Question: Are the characters based on anyone you know, in real life?

Irma Gold: The short answer is no. But on my first trip to Thailand, where I volunteered with elephants at Elephant Nature Park, a sanctuary in Chiang Mai, I found myself surrounded by travellers in their early twenties. It took me back to that time in life when there is so much freedom but also so much uncertainty about who you are and where you're headed. I'm sure all of that observation subconsciously shaped Hannah and Deven.


Question: How much of your inspiration comes from real life and real people?

Irma Gold: All of it really, but in ways that are not necessarily distinct and easily defined. As a writer, everything that you observe goes into some kind of mental database where it gets mixed up and reshaped. Then it comes out on the page in ways that don't obviously relate to the original observations. When I travel I record details more consciously. I keep notebooks full of my impressions – the text on a sign, the way the air smells at dawn, the call of a hawker – it could be anything. All of that feeds into the story.


Question: What's the main message you hope readers take from The Breaking?

Irma Gold: First of all, what I really hope is that readers enjoy the ride, and that the characters remain vivid in readers' minds long after they turn the last page. In terms of elephant tourism, there isn't really a single message because the issues are complex and there are no easy answers or solutions. So what I really hope is that The Breaking starts conversations. And I also hope that in readers coming to understand the suffering that elephants experience at the hands of humans in the name of entertainment, that they think carefully about their own choices.


Question: What is the best thing about creating characters like Hannah and Deven?

Irma Gold: I found writing both Hannah and Deven such a joy. Deven is very sure of herself but Hannah is still finding her way, wrestling with her identity and sexuality. Together they made for an interesting ride. The first draft just spooled out of me. I'm sure I will never experience anything like it again. I felt as if these characters were leading me through the story. And it's wonderful seeing them now go out into the world. I know it sounds strange to non-writers, but they feel like real people to me.


Question: What advice do you have for aspiring writers or artists?

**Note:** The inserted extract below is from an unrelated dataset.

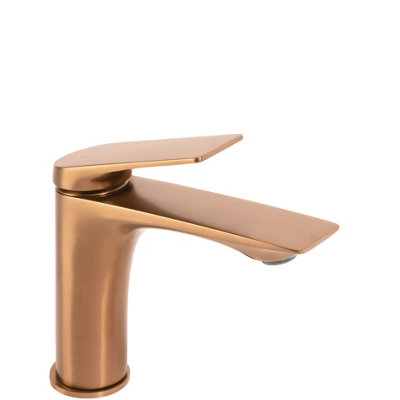 Bathroom Faucet Rea Avalon Low Brush CopperBrass from B&Q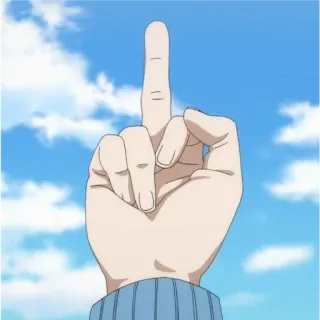 💢 4f03c4b0 doigt d'honneur, geste, offensant, main whatsapp sticker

Irma Gold: Read, read, read! I'm always amazed by the number of aspiring writers who read very little, if anything. Reading teaches you how to write. Also, be brave. Write what scares you and thrills you. Write from the heart. And finally, only follow the advice that works for you. There's so much of it out there – much of it conflicting – and you have to find your own path.

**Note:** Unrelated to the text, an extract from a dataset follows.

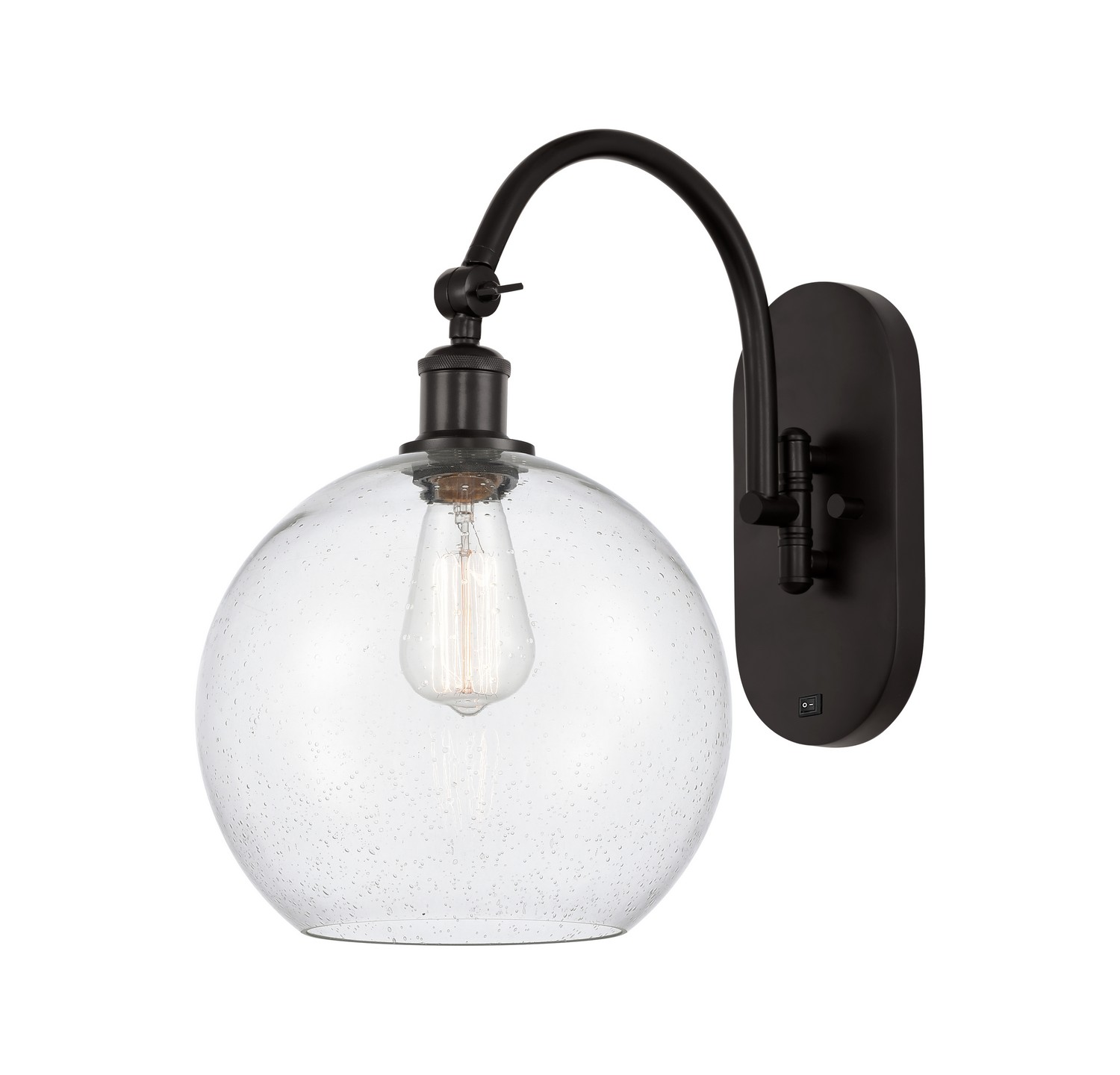 One Light Wall Sconce by Innovations - Ballston Collection, Oil Rubbed Bronze Finish - 918-1W-OB-G124-10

Question: What or who inspired your love of reading/writing?

Irma Gold: Growing up, there were always books in our house, and my mum taught me to read before I started school. As a kid, I was always writing books. In Grade 6 I had a phenomenal teacher called Miss O'D who got us to write and illustrate and 'publish' a book. And then in high school my English Literature teacher, Leandra Turner, made me realise how much I loved writing. That sounds like a strange thing to say when I'd been doing it since I was small, but it had just always been a part of me, and she brought that consciousness to the surface so that it became something that I actively chose to do.


Question: What's next, for you?

Irma Gold: Once I've finished The Breaking book tour, I'm hoping to get back to working on my next novel. I've finished the second draft and received feedback from the wonderful Tegan Bennett Daylight, so I'm keen to now dive into the third draft. This novel is set in England and South Africa – two countries that are in my blood – and it's been such a rich process so far. I'm excited to see where it goes.